Despite the fact that The Boston Globe and The Associated Press, among others, have copies of the report and have published the key results, Folkers refused to divulge the criteria used for this year's report or whether the ranking system had changed since last year. He insisted that the full report would be made public tomorrow at 7 a.m. on the magazine's website.

He pointed out that the actual U.S. News Report has not been scooped by various news organizations because there are thousands of schools involved in the study and only a few of the rankings have been made public.

The Boston Globe reported this morning that Cal Tech and Johns Hopkins University fell from their 2000 rankings because U.S. News changed how it accounted for per-student spending. This year, the magazine placed more emphasis on undergraduate education -- a move that most likely benefited Dartmouth but hurt schools with major research and graduate programs.

Furstenberg said the only time when rankings could affect applications is if there was a large jump from one year to the next. Johns Hopkins University was ranked in the top ten last year, but this year was number 16. He said he would be "a little bit concerned" by such a change in rank.

Charlene Liebau Director of Admissions at Cal Tech, which was ranked first last year, told The Dartmouth that the high score did not change admissions.

"Our applications increased, but they had been the past five years," she said, explaining that although rankings may increase awareness, they do not affect the quantity or quality of students who apply.

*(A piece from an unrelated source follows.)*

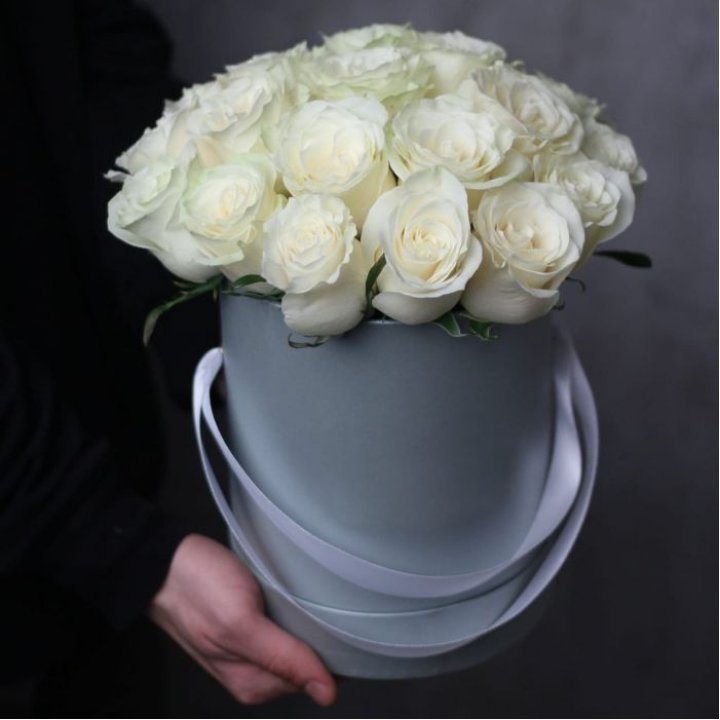 15 белых роз в цилиндре в Петрозаводске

"We continue to be the very same institution we were three years ago -- all of this is beyond what Cal Tech is all about," she said.

She added, "Students are well aware that these rankings change every year -- they're not going to make a decision that will be a four year and lifetime investment based on one year's rankings."

Furstenberg echoed Liebau's opinion of the report last year, when Dartmouth was ranked 11, saying that Dartmouth cannot be judged by its position on a list.

Prager said, "The year to year fluctuations are just a part of the picture." She called the difference between number one and number 10 and the difference between 10 and 25 "fine gradations."

The release problems are not the first challenge to that U.S. News rankings have been faced recently. This mistake follows harsh criticisms of the magazine's primarily opinion-based methodology earlier this summer by The National Opinion Research Center.

John Lombardi, former president of the University of Florida, recently published a new sorting system that he argues is more reliable than the U.S. news method.

Released in July, this new ranking system uses nine measures, and places schools in ranges, such as the top 25, rather than in number slots, based on point scores.

"We think those micro-distinctions are unimportant," said Diane Craig, a research analyst at The Center for Studies in the Humanities and Social Sciences, which released the new method. "We're trying to get away from this numerical ranking ... that just makes the differences look bigger than they actually are."

She said the new system has received praise by administrators and peer institutions, but admitted that the U.S. News rankings are more appealing to perspective college students and their parents.

Prager, however, said more broad rankings like this one are not necessarily the answer.

"I think one of the problems with rankings in general is that they purport to make generalizations that are not well founded," she said. "Whenever you do something that places schools in categories, it becomes misleading."